Le  pagine, in cui descrive la sua scelta e racconta dell'adorata cascina del torinese, dove in completa solitidine si dedicava in ordine sparso e variabile all'orto, alla preghiera, alla scrittura e agli animali, non sono semplici e non sempre consolanti. Ho uno ricordo irrequieto peraltro di quella lettura, come una sorta di disagio mescolato ad ammirazione e a tratti invidia, e sempre una specie di tensione che non so molto spiegare.
Ma al di là dell'ascetismo e del silenzio, a risuonare più forte e più a lungo dentro di me, le meravigliose descrizioni dei cesti dell'orto e quella definizione così lucida e poetica dell'estetica dei poveri, che la signora Zarri chiama gratuità:

"non c'è casa di contadino che non abbia i suoi fiori. Accanto alle coltivazioni "utili" e produttive dell'orto, c'è sempre l'angolo della gratuità: le "inutili" rose, i gerani, le dalie, i crisantemi...
Mi ha sempre fatto tenerezza la gratuità dei poveri: gente dall'esistenza dura, faticosa, dal lavoro assorbente: si direbbe che abbia poco tempo e anche poca disponibilità interiore per certi "lussi" improduttivi; e invece no. [...] le sue gratuità se le concede. Non ci indugia molto e quasi non ne parla: bisogna scovarle in un angolo dell'orto o spiarle, dalle sue parole, in lampi rapidissimi. Come quando Giacomo, davanti a una fioritura o a una conigliata, si illumina tutto di stupore ed esclama gioioso: Oh che bei"(pag.101).

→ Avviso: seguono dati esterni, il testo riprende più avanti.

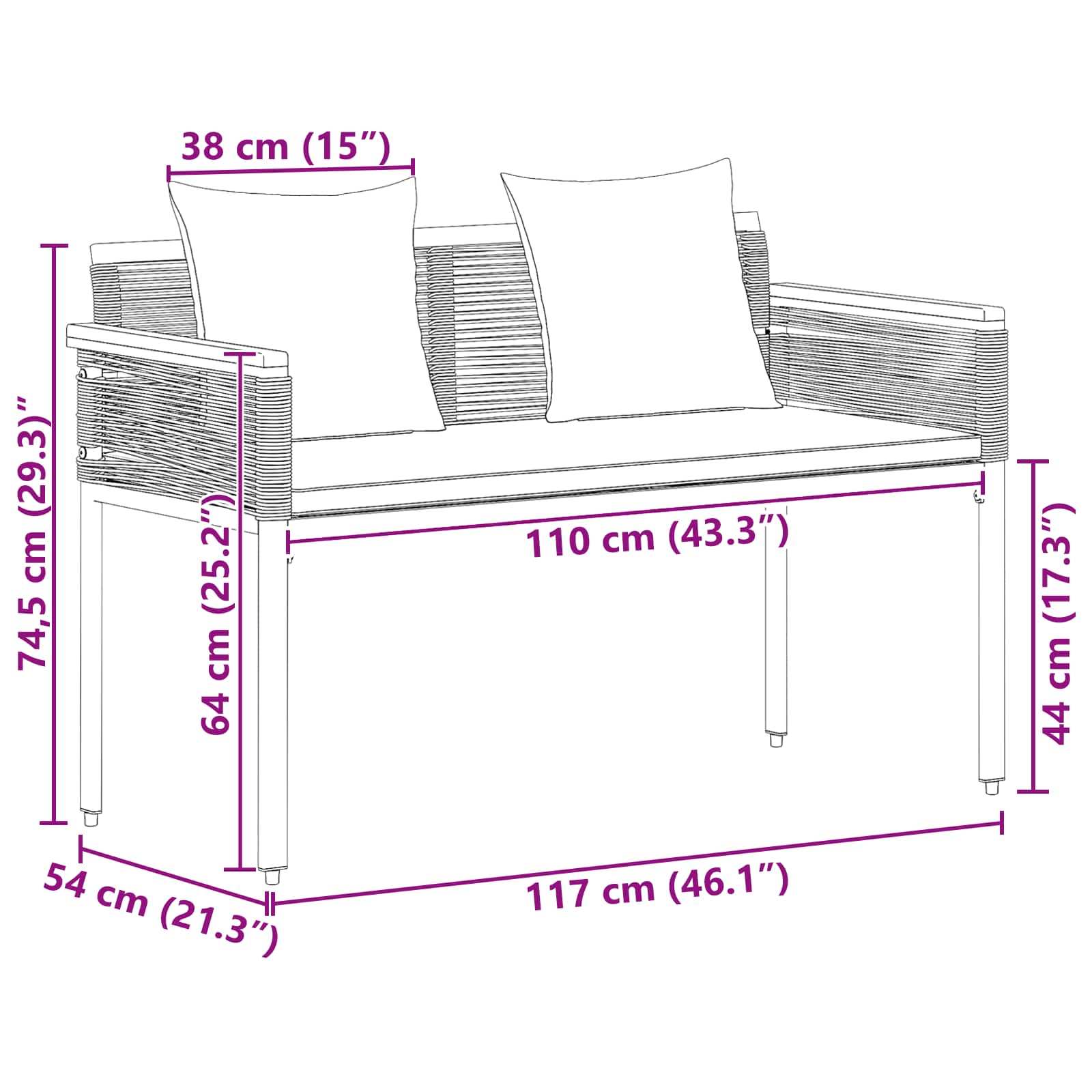 Vanjska klupa Siva i tamnoplava 117 x 54 x 74.5 cm poliratan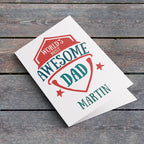 Personalised World's Most Awesome Dad Card Lying Down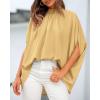 imageBTFBM Women Mock Neck Summer Tops 2025 Spring Batwing Short Sleeve Loose High Low Hem Casual Oversized Blouses ShirtsYellow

Grazie mille a Lidia Zitara per i "giardini poveri" e per lo sguardo, e per la possibilità che mi ha dato di tornare su queste righe.

2 commenti:

paola ha detto...

ciao!
Parole perfette per la mia foto,hai raccontato con parole quello che ci "visto"io:)
L'altro giorno in biblioteca mi son trovata davanti questo libro e lo sto leggendo,anche questo è una bella scoperta!

giulia capotorto ha detto...

La tua foto "parla", bastava trascrivere :-). Sono felice che tu abbia incontrato Adriana Zarri. Poi mi dirai.